Robert wished he'd covered the piece in a corner by his trinket-shelves – he wasn't ready to share it – but he hadn't thought ahead. Since dawn he'd tried to invigorate his latest portrait of Sarah, a standing nude. Lines and circles interlaced at awkward points, lips and breasts bobbled out of balance. Colors ran, orange, red to blue, but there was no illusion of movement. He was bothered by the heat and the playful shouts of neighbor boys.

Most of all, he was distracted by his father's parting shot.

“And this,” he said, tapping his portrait with a dry sable brush. “This is a Becker too.”

Hope grinned. “I'll be damned,” he said, touching again the giant collage. “The wily son of a bitch.” He wore a gray herringbone coat and pleated slacks. Slight squint. Crossed arms. The cool professional pose. “Forty years he hides his feelings with splashes and drips, then he gives us this raw confession.”

Robert was annoyed. “What makes you think it's autobiographical?”

“Come on Robbie, we all knew about your dad and, you know –”

“What?”

“Women.”

He turned away. He couldn't afford to be angry with Hope.

All the colors of his palette lay beyond his window. Yellow, purple, a smooth buttery brown, blazing now in full noon sun. Rhododendrons, columbines, a few late tulips; the pale icy cloud of an iris, waist-high, above its stalk. Wasps sealed gaps in their nests, to secure the eggs inside.

“The missing heart,” Hope said, pacing for different angles, different light. “The shirt like wrinkled skin. And – obviously, right? – the rook's a withered cock. It's all about the loss of his virility.” He laughed, then caught himself. “Sorry, Robbie, I'm not ribbing the man. It's the
work
, it's so witty.”

Robert didn't smile. He'd formed a first impression of his own: knowing his father's love of puns, he'd immediately grasped that
The Rook's journey
was a play on Hogarth's
The Rake's Progress
, about a young man's dissolution.

Here was an old rake's tragic end.

“Rook” as “fool.”

“This has got to be part of the show,” Hope said.

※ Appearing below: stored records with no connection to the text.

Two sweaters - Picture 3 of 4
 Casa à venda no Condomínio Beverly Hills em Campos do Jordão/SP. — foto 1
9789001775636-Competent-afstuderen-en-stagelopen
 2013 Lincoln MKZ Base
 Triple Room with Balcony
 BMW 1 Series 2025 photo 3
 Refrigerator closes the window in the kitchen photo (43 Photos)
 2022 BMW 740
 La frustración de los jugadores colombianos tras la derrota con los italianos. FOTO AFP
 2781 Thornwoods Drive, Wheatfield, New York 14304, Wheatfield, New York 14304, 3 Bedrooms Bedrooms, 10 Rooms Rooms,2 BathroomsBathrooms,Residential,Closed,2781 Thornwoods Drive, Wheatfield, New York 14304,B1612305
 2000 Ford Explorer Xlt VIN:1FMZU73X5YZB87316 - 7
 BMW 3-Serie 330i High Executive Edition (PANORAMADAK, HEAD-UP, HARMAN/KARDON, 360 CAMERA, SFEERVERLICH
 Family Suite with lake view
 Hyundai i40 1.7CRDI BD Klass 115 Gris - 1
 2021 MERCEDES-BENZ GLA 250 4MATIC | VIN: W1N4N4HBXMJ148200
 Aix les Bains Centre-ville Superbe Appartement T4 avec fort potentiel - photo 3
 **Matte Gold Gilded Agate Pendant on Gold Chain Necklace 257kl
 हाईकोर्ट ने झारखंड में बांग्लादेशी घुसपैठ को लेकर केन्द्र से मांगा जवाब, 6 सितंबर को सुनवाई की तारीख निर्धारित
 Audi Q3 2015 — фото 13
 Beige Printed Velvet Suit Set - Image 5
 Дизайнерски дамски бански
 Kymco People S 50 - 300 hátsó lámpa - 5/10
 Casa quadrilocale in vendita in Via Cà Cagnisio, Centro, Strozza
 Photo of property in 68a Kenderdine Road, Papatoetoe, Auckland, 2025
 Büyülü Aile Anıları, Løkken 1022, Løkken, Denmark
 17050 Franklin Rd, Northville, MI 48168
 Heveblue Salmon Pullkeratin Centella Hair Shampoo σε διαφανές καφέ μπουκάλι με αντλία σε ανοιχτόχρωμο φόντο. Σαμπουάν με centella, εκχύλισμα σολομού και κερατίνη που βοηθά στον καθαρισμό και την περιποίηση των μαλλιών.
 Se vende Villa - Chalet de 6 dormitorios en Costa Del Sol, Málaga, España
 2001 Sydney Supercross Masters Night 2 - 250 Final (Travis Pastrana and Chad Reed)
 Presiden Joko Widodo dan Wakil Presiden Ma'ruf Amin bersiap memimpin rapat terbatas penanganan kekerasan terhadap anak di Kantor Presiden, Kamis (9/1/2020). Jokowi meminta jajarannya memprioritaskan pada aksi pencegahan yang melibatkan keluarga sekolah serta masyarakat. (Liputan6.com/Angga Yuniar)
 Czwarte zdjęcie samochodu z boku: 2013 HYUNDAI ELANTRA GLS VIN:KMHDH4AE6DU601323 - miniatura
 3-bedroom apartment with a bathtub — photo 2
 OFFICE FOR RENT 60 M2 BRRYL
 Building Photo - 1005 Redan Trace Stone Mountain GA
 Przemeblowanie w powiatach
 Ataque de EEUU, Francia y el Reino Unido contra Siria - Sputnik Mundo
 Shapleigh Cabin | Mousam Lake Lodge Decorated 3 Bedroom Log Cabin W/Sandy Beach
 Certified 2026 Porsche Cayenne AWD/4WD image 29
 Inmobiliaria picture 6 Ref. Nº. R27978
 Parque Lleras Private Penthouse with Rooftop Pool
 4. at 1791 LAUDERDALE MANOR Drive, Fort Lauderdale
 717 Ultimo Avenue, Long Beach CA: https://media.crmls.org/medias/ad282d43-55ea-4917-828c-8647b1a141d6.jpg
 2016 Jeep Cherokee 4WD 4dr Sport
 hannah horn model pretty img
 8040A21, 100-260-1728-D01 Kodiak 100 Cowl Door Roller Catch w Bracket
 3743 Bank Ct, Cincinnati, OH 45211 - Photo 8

Robert didn't want him looking anymore, especially as he was smart enough to see certain things.

He'd once promised Robert his own show. “When the market's stable. The Japanese are skittish about investing now, and there's a shrinking national arts audience. Best to wait.”

Frederick's retrospective would draw record local crowds, he felt, spark the scene back to life.